# Avid shorty 6 vs.Avid shorty Ultimate



## shackleton (Jan 15, 2011)

I have shorty 4 (stock on my 2003 fuji cross) and i'm thinking about upgrading.How much of a performance difference between the two?All experiences appreciated.
Thanks.


----------



## Magsdad (Jun 29, 2005)

*My personal opinion...*

Worth every penny I paid on Ebay. I had the Shorty 6s and never really liked them. The Ultimates are LIGHT years stronger. Even with the 6s set up perfectly, they simply didn't stop like the Ultimates. I also found them for $56/pair, so the cost was not as much as the full price I have seen.
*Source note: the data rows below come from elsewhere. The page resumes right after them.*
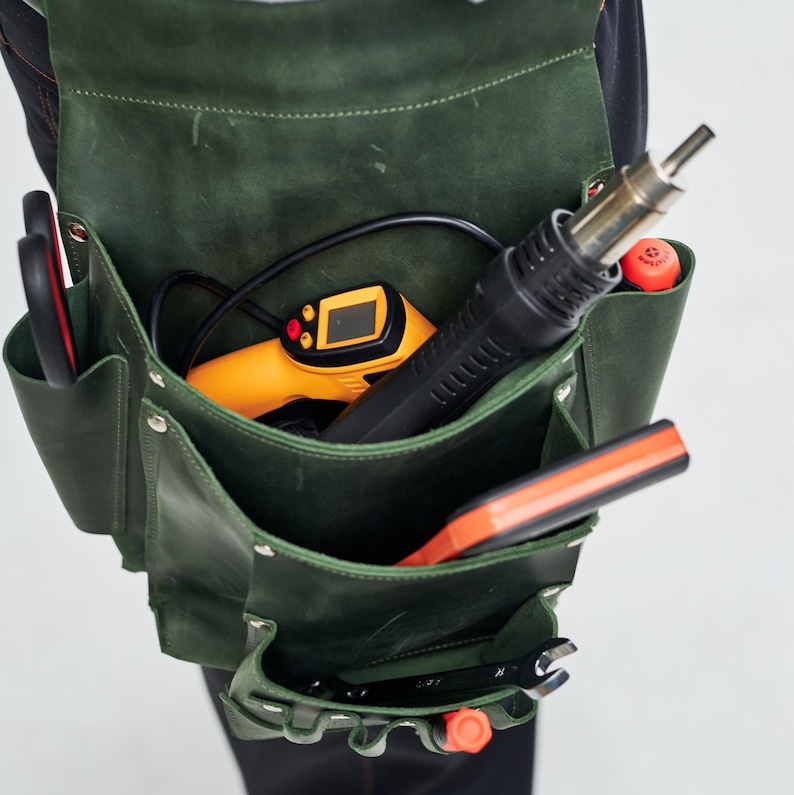 K&ouml;nnte beinhalten: Ein gr&uuml;ner Leder-Werkzeugg&uuml;rtel mit mehreren Taschen, der eine schwarze und gelbe Hei&szlig;luftpistole, ein rotes und oranges Werkzeug und einen schwarzen Schraubenschl&uuml;ssel enth&auml;lt.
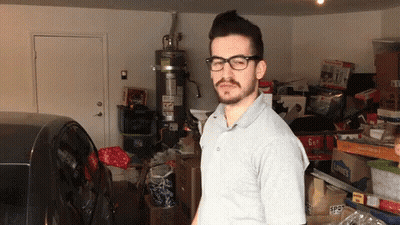Man In Glasses With 6 Gallon Box In Garage GIF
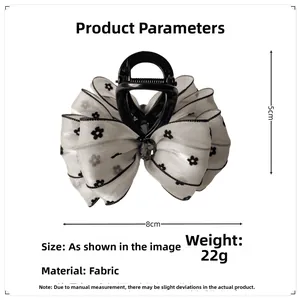 Detailed size view of the 8x5cm black floral fabric bow hair claw clip with weight info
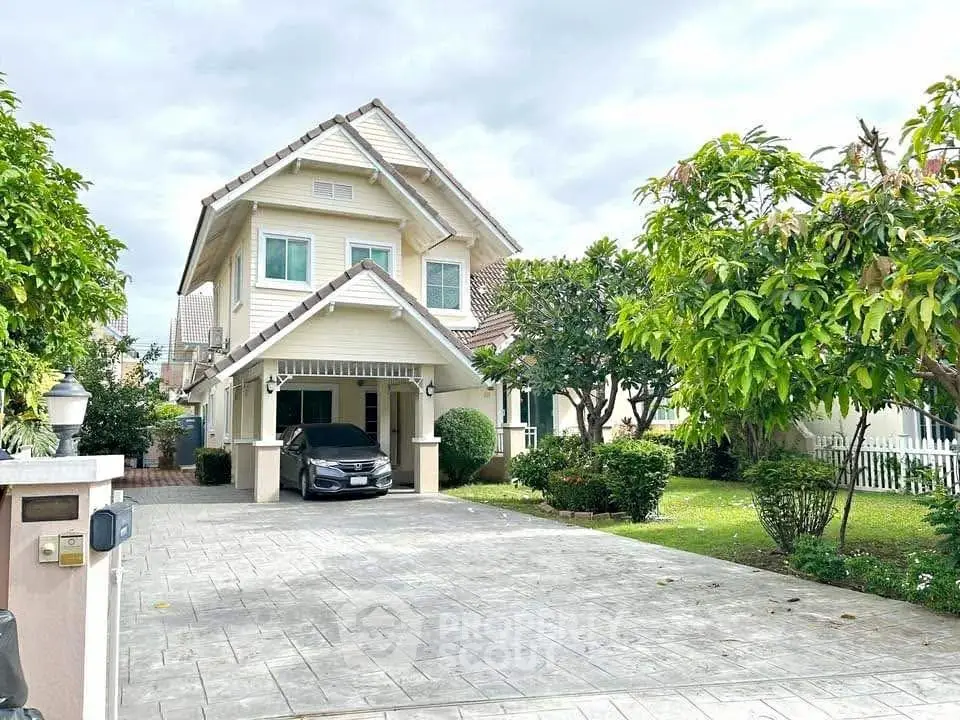 Charming two-story house with lush garden and spacious driveway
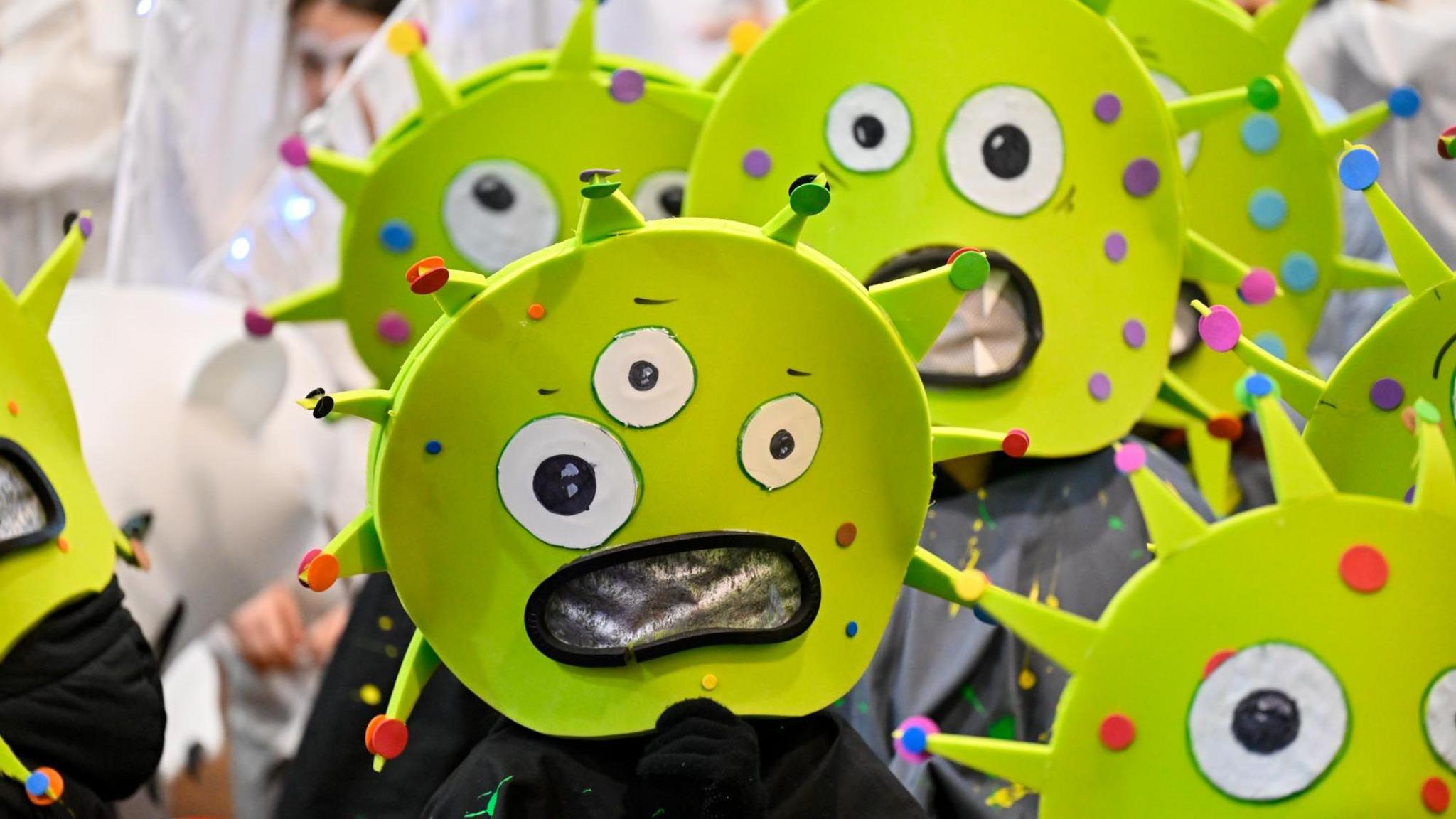 A group of people in green alien masks with big bug eyes on them parade through Dumfries town centre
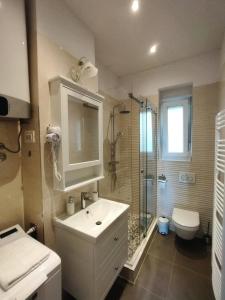 Kúpeľňa v ubytovaní Apartment Villa Edmea 2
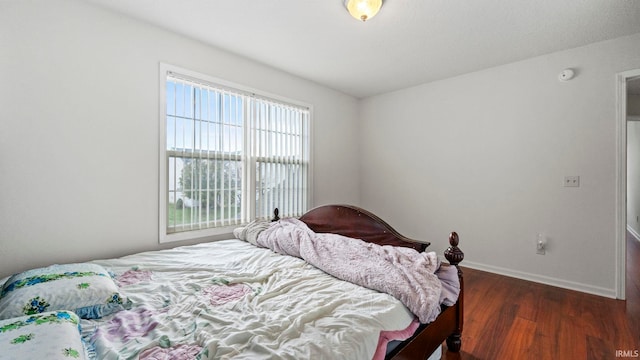 bedroom with dark wood-type flooring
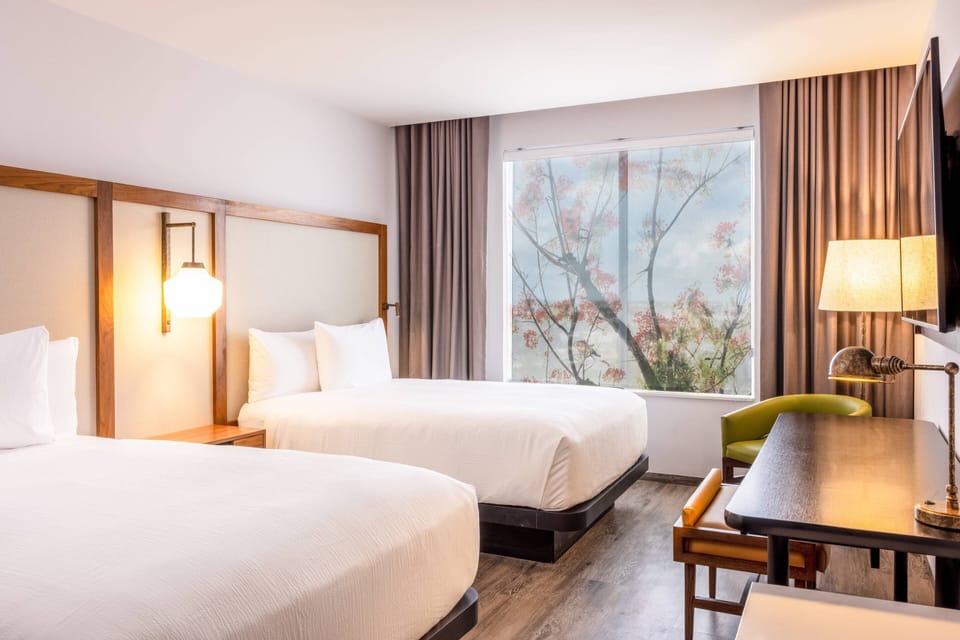 Standard Room, 2 Queen Beds | Hypo-allergenic bedding, minibar, desk, free WiFi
Plus, the ability to change configuration is a selling point for most. I have mine in the short configuration, so they really grab.

Like I said, my opinion, totally worth it.


----------



## scrub (May 19, 2010)

I had the shorty 4 and switched the front for a tektro cr720 left the shorty 4 on the rear and put koolstop salmons on both. works great.


----------



## wibly wobly (Apr 23, 2009)

I went from the shorty 6s to ultimates this winter. I never really had major problems with the 6s but, when I got the rear adjusted where I was happy with them (cable / lever pos), they were a total ***** to open / close cause they were so bloody tight. I ended up trying to use the wider straddler on the back and I kissed my stopping power goodby. it wasn't a problem outside of a few races were I was going downhill at a good clip and I was **** scared about dying. 

so far the ultimates seem like a great upgrade. the feel is good and the stopping power is better. the ability and ease of adjusting is better to. I'm pretty happy so far. I didn't get mine for $60 though.


----------



## JonCu (Apr 25, 2011)

*Ultimates!*

I really like the Ultimates... I don't know if braking in CX is ever not worth the upgrade.


----------